David Bowie singles chronology
| "Hallo Spaceboy" (1996) | "Telling Lies" (1996) | "Little Wonder" (1997) |

= Telling Lies (song) =

1996 single by David Bowie

"Telling Lies" is a song by English singer-songwriter David Bowie, written and released for downloading and as a single in 1996 and later included on his 21st studio album, Earthling (1997). The song was initially an Internet-only release and was the first-ever downloadable single by a major artist. No music video was produced for the song.

Three versions of "Telling Lies" were released on Bowie's official website beginning 11 September 1996 – one version for each of three weeks. According to issued press releases, over 300,000 people downloaded the original release. Two months later, it was released as a single by BMG.

==Background==
Released in November 1996, three months ahead of the album, Bowie launched the single with an online chat session, where he and two other people —Reeves Gabrels and Pat Briggs— pretending to be him answered questions from the audience. Bowie told the truth; the other two "told lies". The chat audience was asked to vote on which chat personality was the "real" Bowie; according to a transcript of the chat session, the "real" Bowie came in first, although a contemporary source claimed he ended up coming in third, with Bowie saying of his 3rd place showing "I was answering as honestly as was necessary or appropriate. I guess a public figure is anybody you want to make him. Obviously I'm not the figure that people think I am. So it was kind of gratifying [to not come in first in the voting]."

==Internet release==

For me and for people like Prince who have an overwriting dilemma, I thought [releasing music online] would be a perfect way to unload material [that the record company won't release]'.
— —David Bowie on releasing music on the Internet

Bowie had mulled over the idea of releasing music on the Internet, but Bowie says prodding from Nancy Berry, then Executive Vice President at Virgin Records, helped make the idea a reality.

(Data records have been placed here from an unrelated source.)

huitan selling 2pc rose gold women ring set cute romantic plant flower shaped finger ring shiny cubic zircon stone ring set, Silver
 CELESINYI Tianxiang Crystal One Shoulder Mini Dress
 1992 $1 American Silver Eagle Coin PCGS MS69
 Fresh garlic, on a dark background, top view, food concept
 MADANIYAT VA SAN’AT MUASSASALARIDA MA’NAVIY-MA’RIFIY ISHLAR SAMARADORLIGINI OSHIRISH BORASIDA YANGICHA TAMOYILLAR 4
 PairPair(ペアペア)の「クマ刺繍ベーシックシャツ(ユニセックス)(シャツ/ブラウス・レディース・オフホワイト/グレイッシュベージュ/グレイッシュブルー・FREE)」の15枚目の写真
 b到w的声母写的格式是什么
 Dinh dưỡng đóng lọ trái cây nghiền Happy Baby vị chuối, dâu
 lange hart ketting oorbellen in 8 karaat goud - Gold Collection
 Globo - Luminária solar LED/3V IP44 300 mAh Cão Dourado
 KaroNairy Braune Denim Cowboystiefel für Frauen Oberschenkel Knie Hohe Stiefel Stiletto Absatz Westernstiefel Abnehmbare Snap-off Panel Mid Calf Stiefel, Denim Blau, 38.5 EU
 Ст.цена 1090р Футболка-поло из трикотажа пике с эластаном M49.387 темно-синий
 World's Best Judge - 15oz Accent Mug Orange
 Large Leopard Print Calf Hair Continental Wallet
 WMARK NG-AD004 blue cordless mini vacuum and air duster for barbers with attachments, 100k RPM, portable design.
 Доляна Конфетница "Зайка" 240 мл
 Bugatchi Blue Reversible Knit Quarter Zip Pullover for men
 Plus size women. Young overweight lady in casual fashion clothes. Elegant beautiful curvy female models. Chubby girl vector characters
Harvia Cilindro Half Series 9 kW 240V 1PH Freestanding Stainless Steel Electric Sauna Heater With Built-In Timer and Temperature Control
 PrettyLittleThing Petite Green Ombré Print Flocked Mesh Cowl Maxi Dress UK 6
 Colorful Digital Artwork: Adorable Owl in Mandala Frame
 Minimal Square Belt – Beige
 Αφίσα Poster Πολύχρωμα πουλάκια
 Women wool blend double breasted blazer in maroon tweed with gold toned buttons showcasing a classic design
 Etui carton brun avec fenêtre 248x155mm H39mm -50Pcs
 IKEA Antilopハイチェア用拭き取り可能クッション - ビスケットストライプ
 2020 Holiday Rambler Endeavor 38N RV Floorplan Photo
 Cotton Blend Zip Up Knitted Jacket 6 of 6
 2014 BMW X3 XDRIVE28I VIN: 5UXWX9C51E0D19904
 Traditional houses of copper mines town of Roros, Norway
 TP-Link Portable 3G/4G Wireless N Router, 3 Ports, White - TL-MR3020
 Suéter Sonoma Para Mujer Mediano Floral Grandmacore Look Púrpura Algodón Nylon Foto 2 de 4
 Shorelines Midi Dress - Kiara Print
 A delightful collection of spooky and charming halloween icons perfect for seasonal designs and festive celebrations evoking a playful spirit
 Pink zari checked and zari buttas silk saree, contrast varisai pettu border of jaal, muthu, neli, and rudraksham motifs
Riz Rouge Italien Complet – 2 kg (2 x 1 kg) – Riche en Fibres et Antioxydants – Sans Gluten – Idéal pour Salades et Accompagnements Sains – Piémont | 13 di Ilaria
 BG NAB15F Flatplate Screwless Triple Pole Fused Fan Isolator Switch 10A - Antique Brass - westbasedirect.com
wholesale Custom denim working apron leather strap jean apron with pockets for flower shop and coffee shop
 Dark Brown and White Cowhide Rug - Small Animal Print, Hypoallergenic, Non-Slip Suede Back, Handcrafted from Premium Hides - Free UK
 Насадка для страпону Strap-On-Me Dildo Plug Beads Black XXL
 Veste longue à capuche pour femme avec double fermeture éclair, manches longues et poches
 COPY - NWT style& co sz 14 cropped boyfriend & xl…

Bowie called her support "courageous", saying that making music available (at that time) was "a dangerous move for corporations to make." The success of the song's download led to Bowie consider making other music available online as well, saying: "I'm waiting for the moment when downloading [music] can happen in real time. It would be so cool to have a ten-minute piece of music that you could download in ten minutes... I'm thinking of putting up stuff that my record company would consider too esoteric, or too left-field, or too avant-garde for their own needs."

In early September 1996, 3 versions of the song were made available at CD quality for free for users who visited Bowie's official website, https://www.davidbowie.com.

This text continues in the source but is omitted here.